These records contain pictures, which must be left out; copy exactly the lines from the one with "WHITE BONE　フラワ" up to and including the one with "Tableaux sur toile".

==== Supplied records

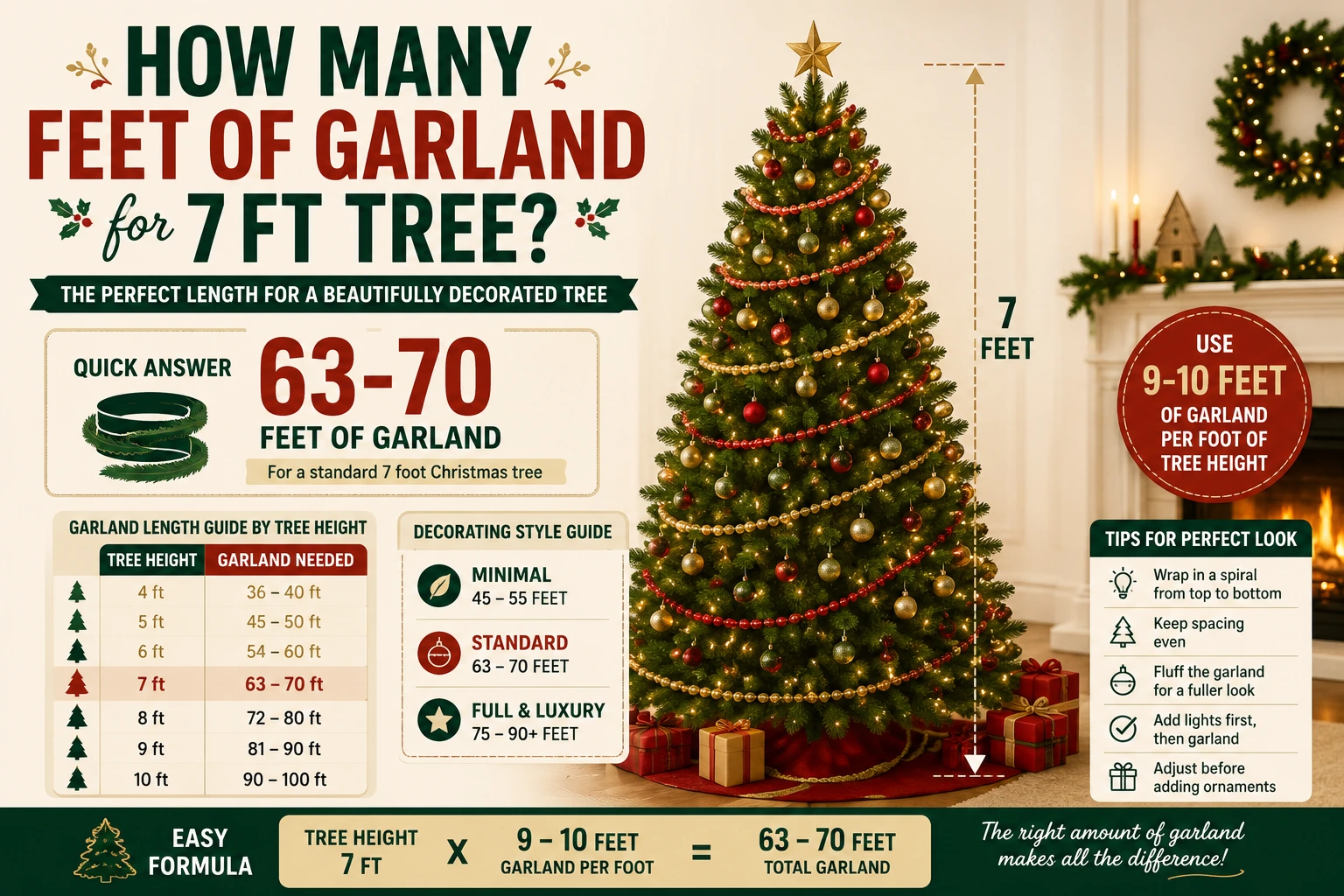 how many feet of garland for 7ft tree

========
==== Supplied records

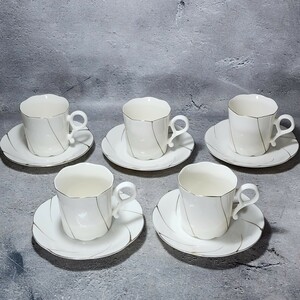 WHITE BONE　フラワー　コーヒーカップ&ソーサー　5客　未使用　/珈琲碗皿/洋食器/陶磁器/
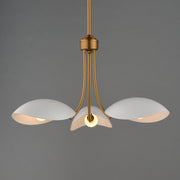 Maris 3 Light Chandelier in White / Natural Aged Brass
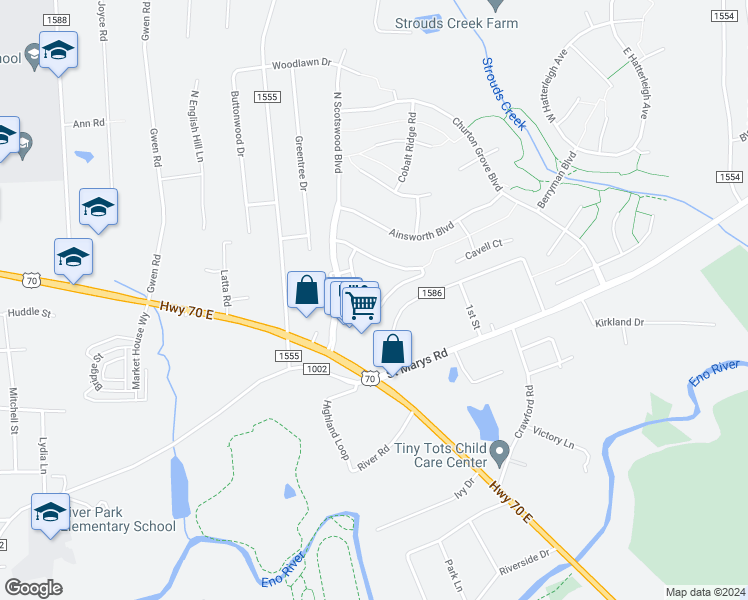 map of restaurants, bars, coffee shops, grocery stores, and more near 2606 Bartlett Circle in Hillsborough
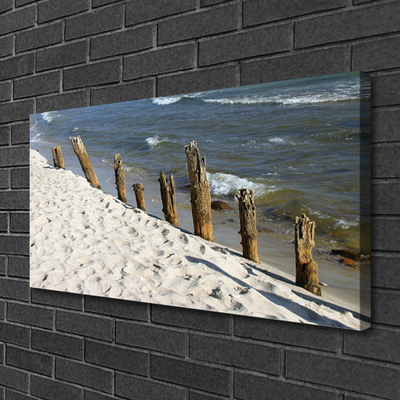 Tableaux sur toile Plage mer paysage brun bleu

========
==== Supplied records

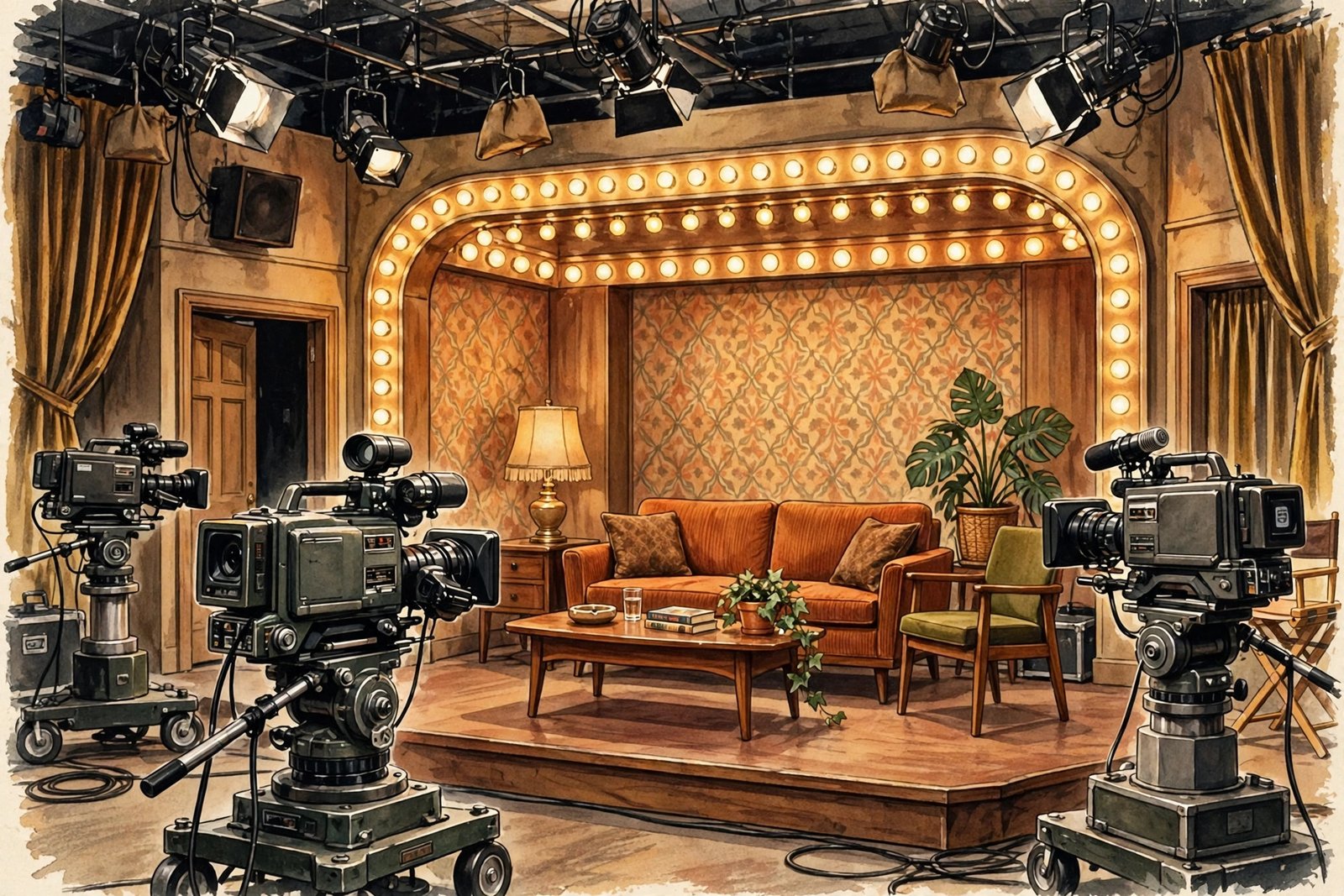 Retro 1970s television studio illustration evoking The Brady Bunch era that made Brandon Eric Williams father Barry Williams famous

========

Output for this exercise →
 WHITE BONE　フラワー　コーヒーカップ&ソーサー　5客　未使用　/珈琲碗皿/洋食器/陶磁器/
 Maris 3 Light Chandelier in White / Natural Aged Brass
 map of restaurants, bars, coffee shops, grocery stores, and more near 2606 Bartlett Circle in Hillsborough
 Tableaux sur toile Plage mer paysage brun bleu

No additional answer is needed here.